I like to say when things get weird, the weird go pro. I’m not talking Obama here. What I’m referring to is the under-the-radar fact that Time’s Man of the Year cover image is made by a punk-skater-guerrilla artist by the name of Shepard Fairey, the man who plastered America with Andre the Giant for the past 20 years or so. To learn more about how the poster and cover were conceived, I highly recommend viewing Time Magazine’s little video about the cover art (they don’t have an embed option, so I posted a CBS news piece above), featuring Fairey talking about guerrilla media and memes. Kinda weird to see such ideas boasted about at Time…Time “Henry Luce” Magazine, that is. I hope someone out there gets the historical significance of this.

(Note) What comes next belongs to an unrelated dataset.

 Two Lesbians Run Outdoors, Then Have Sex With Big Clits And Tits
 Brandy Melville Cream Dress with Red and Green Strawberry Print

Michael Shaw, however, who blogs at BagNewsNotes, had a less-than appreciative take on the cover:
Besides TIME’s own Obama-envy and the blatant play to a younger demographic, the illustration, as much as anything, seems to telegraph Fairey’s own desire to cash in on the original artwork — another reason for the poster-within-the-poster on Obama’s collar just under his chin, not to mention the enormous dollar sign.
Based on Fairy’s description of his own process in the Time Magazine video linked above, I think Shaw is misreading the image. But me being an Gen Xer, I feel a need to defend a fellow tribester. Also, I’m a sucker for poster art, and this is as iconic as they get.




“Weird heroes and mold-breaking champions exist as living proof to those who need it that the tyranny of “the rat race” is not yet final.” Hunter S. Thompson — who also said that the weird turn pro.